From clinical development of cancer therapies to investigations into partisan bias, adaptive sequential designs have become increasingly popular method for causal inference, as they offer the possibility of improved precision over their non-adaptive counterparts. However, even in simple settings (e.g. two treatments) the extent to which adaptive designs can improve precision is not sufficiently well understood. In this work, we study the problem of Adaptive Neyman Allocation in a design-based potential outcomes framework, where the experimenter seeks to construct an adaptive design which is nearly as efficient as the optimal (but infeasible) non-adaptive Neyman design, which has access to all potential outcomes. Motivated by connections to online optimization, we propose Neyman Ratio and Neyman Regret as two (equivalent) performance measures of adaptive designs for this problem. We present Clip-OGD, an adaptive design which achieves $\widetilde{O}(\sqrt{T})$ expected Neyman regret and thereby recovers the optimal Neyman variance in large samples. Finally, we construct a conservative variance estimator which facilitates the development of asymptotically valid confidence intervals. To complement our theoretical results, we conduct simulations using data from a microeconomic experiment.

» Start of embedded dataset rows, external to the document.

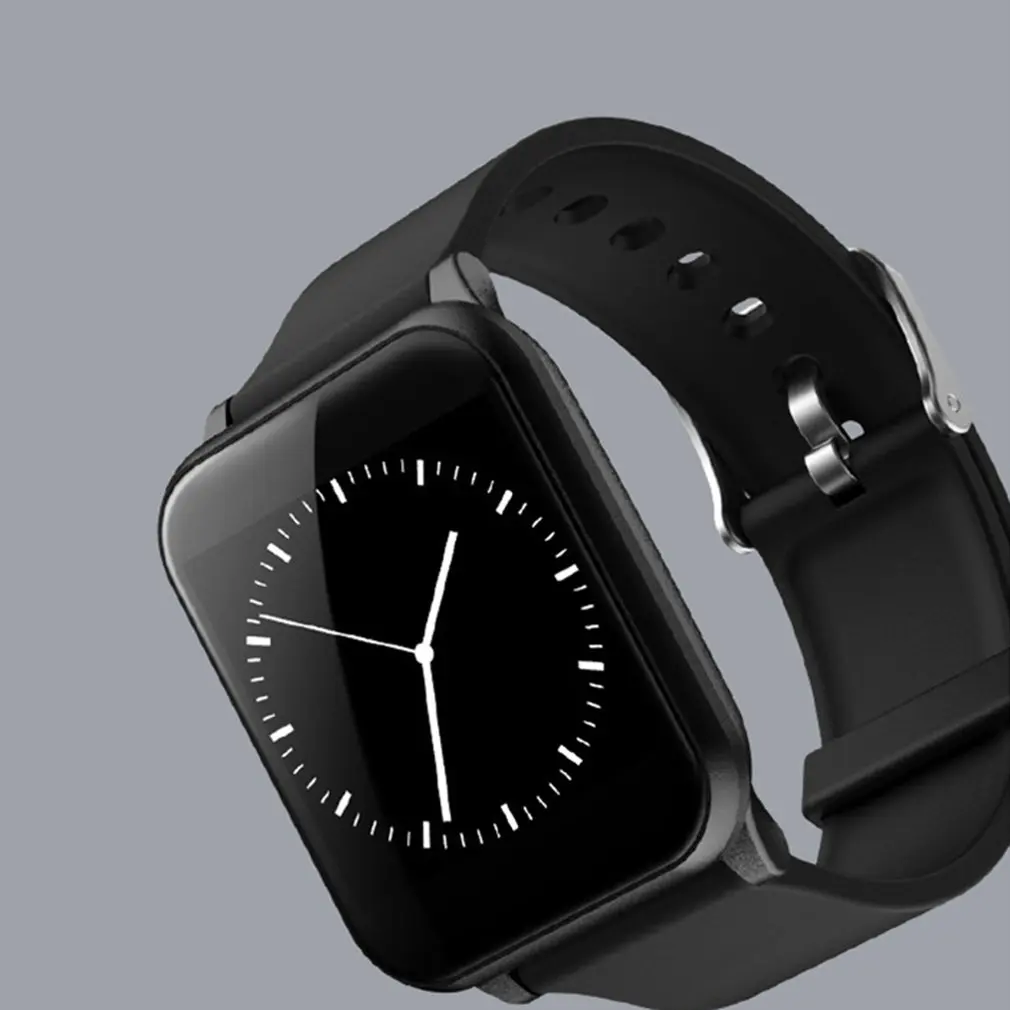 

Z02 Color Screen Watch Real-Time Heart Rate Sleep Monitoring Multi-Sports Mode Waterproof Smart Bracelet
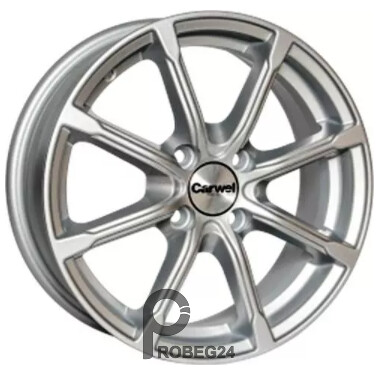 Carwel Бета 6x15 4*98 ET35 DIA58.6 SB Литой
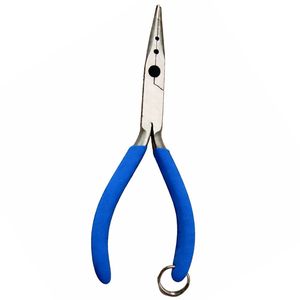 <b>Split</b> <b>Ring</b> Plier 6" for Fishing - Product Image 1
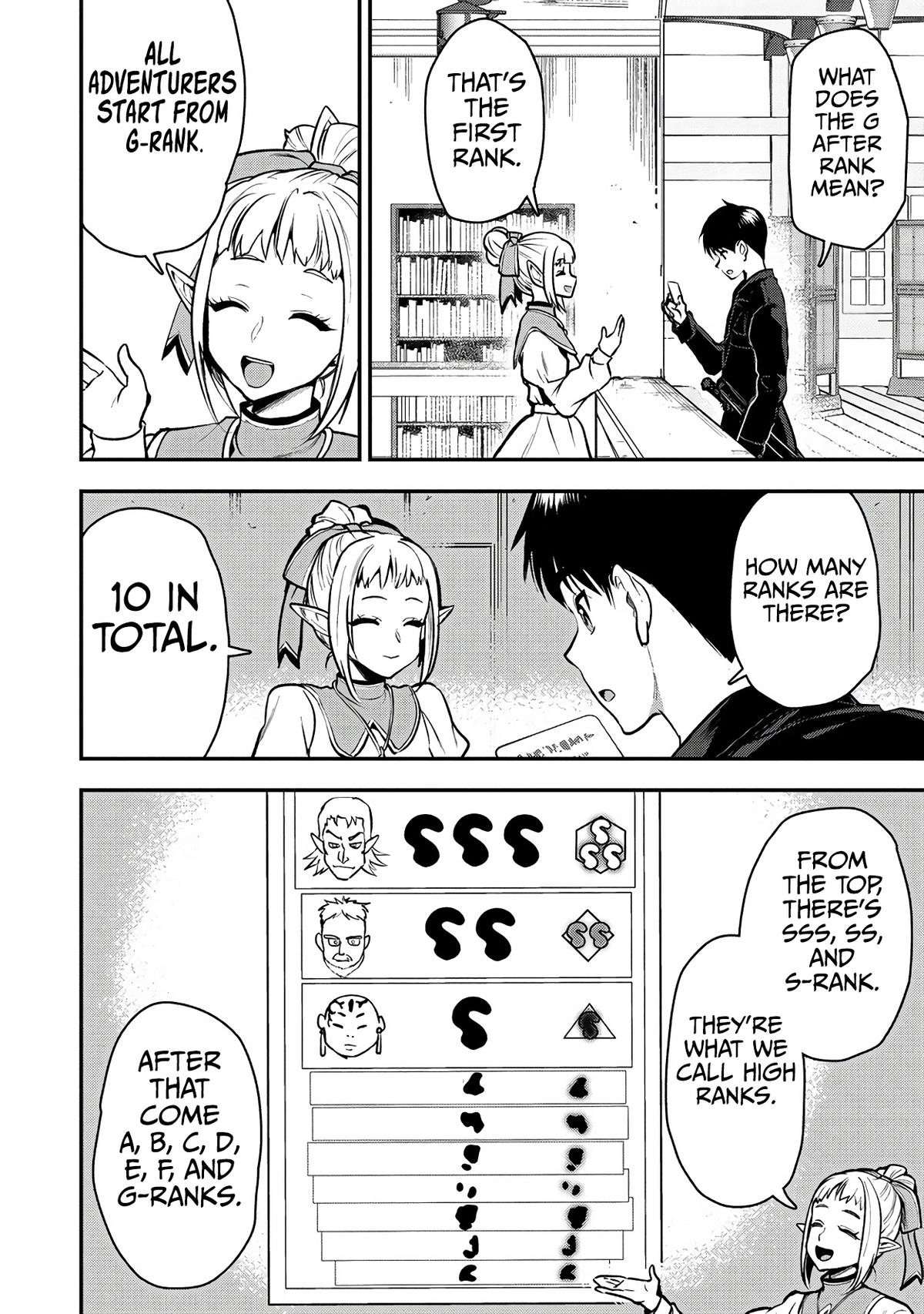 The Cursed Sword Master's Harem Life - By the Sword, For the Sword Chapter 30 - Page 17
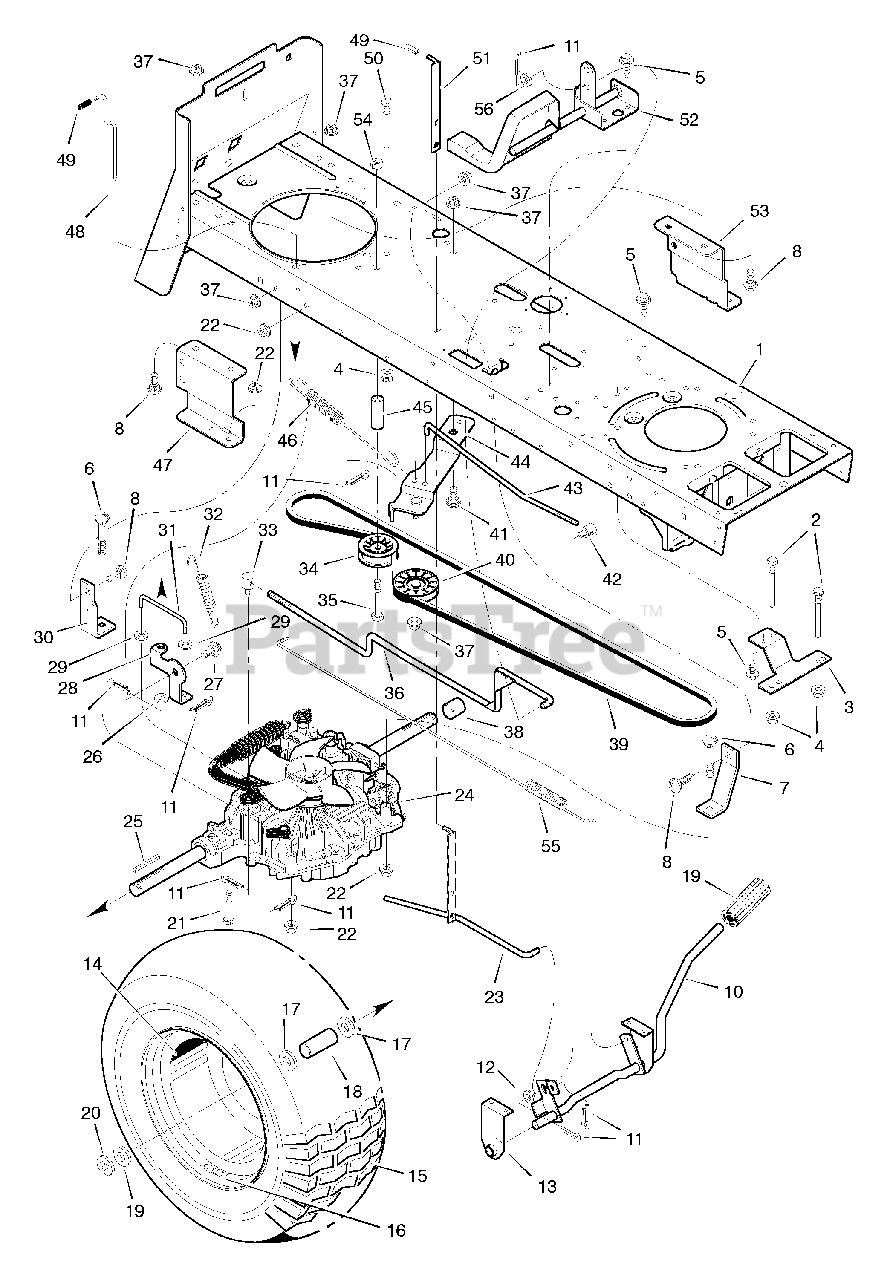 Murray 46401x6A - Murray Ultra 46\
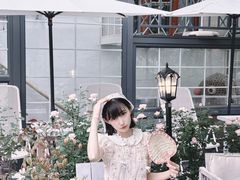 -三仟津花园咖啡馆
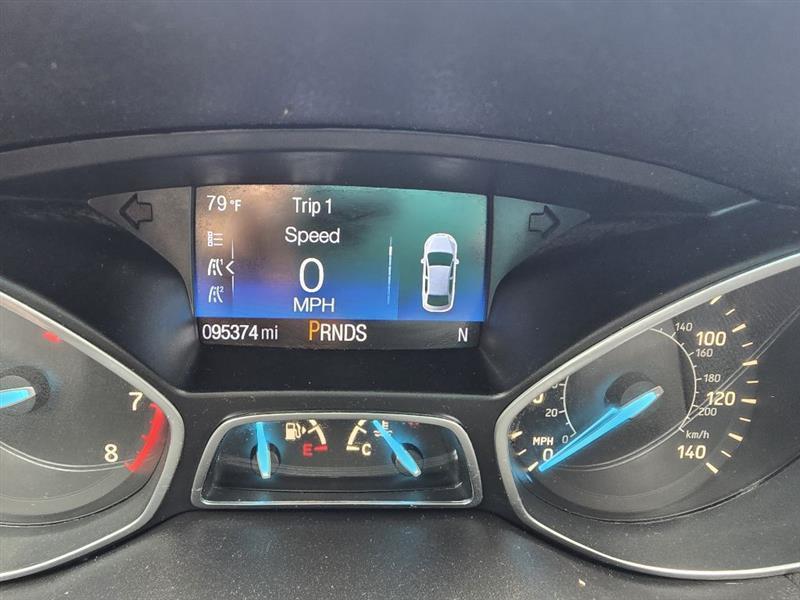 Ford Escape S FWD 2017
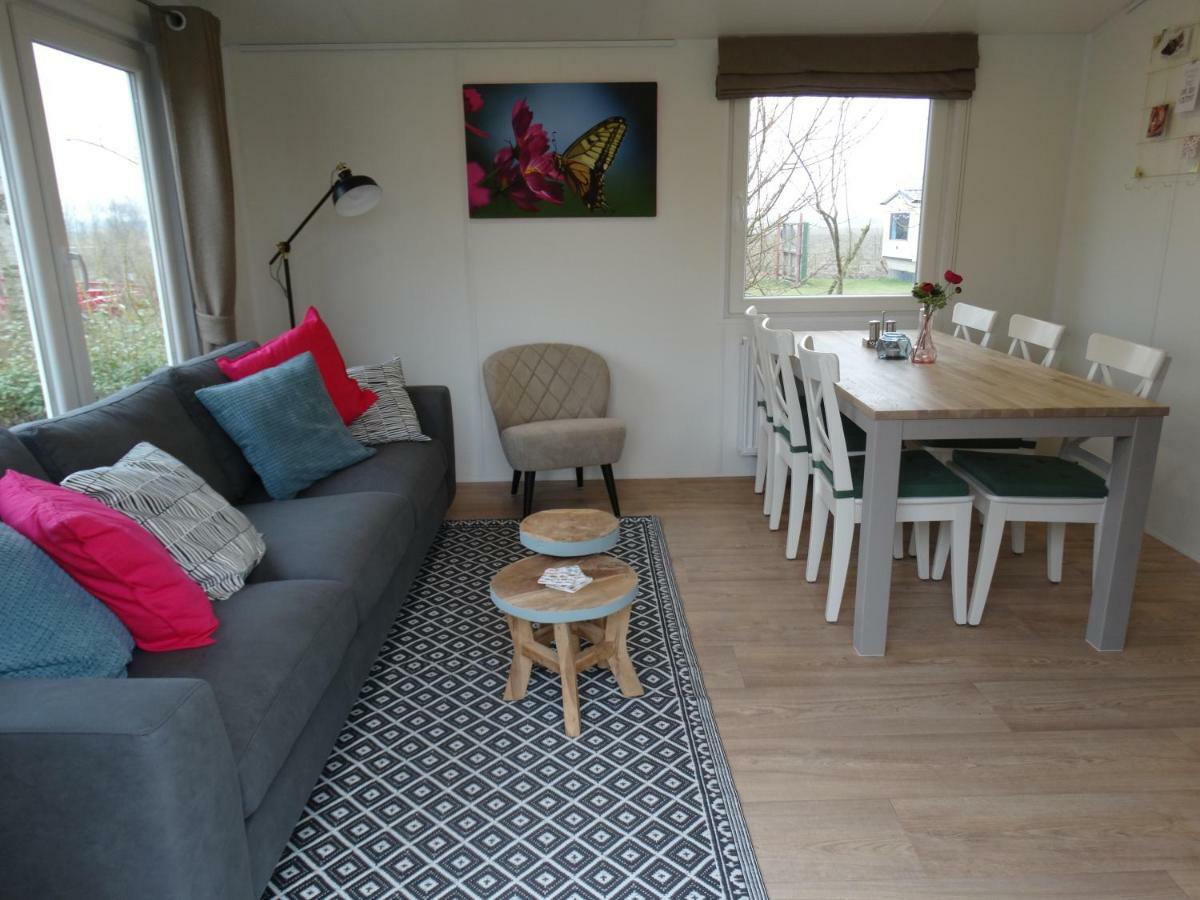 Minicamping Zonnehoek Biggekerke Exterior foto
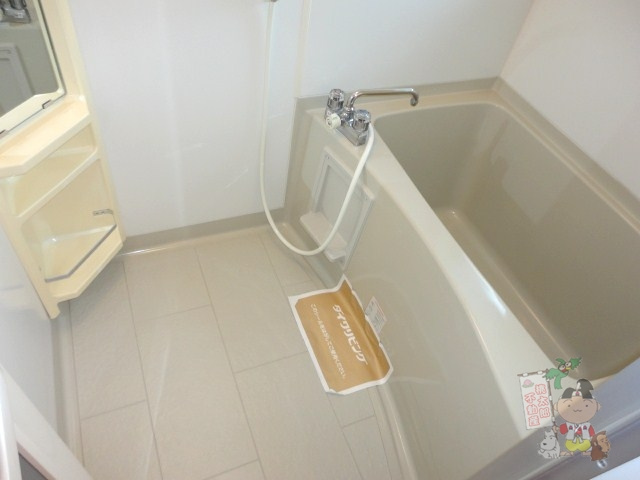 メゾンプリネール　Ｂの浴室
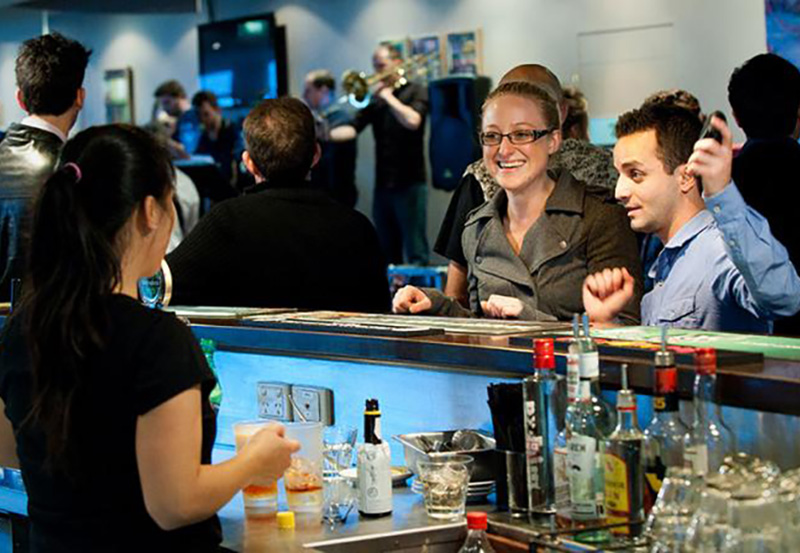 Responsible Service of Alcohol THAAB Victoria University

翻译：从癌症疗法的临床开发到党派偏见的研究，自适应序贯设计因其相较于非自适应设计能提高统计精度的潜力，已成为因果推断中日益流行的工具。然而，即使在简单场景（如两种处理）中，自适应设计对精度的提升程度尚未得到充分理解。本文在基于设计的潜在结果框架下研究自适应奈曼分配问题：实验者试图构建一种自适应设计，使其效率尽可能接近最优但不可行的非自适应奈曼设计（该设计可访问所有潜在结果）。受在线优化相关研究的启发，我们提出奈曼比率和奈曼遗憾作为该问题下自适应设计的两种（等价的）性能度量。我们提出的Clip-OGD自适应设计可实现$\widetilde{O}(\sqrt{T})$的期望奈曼遗憾，从而在大样本中恢复最优奈曼方差。最后，我们构造了一个保守的方差估计量，为渐进有效置信区间的建立提供支持。为补充理论结果，我们利用微观经济实验数据进行了仿真分析。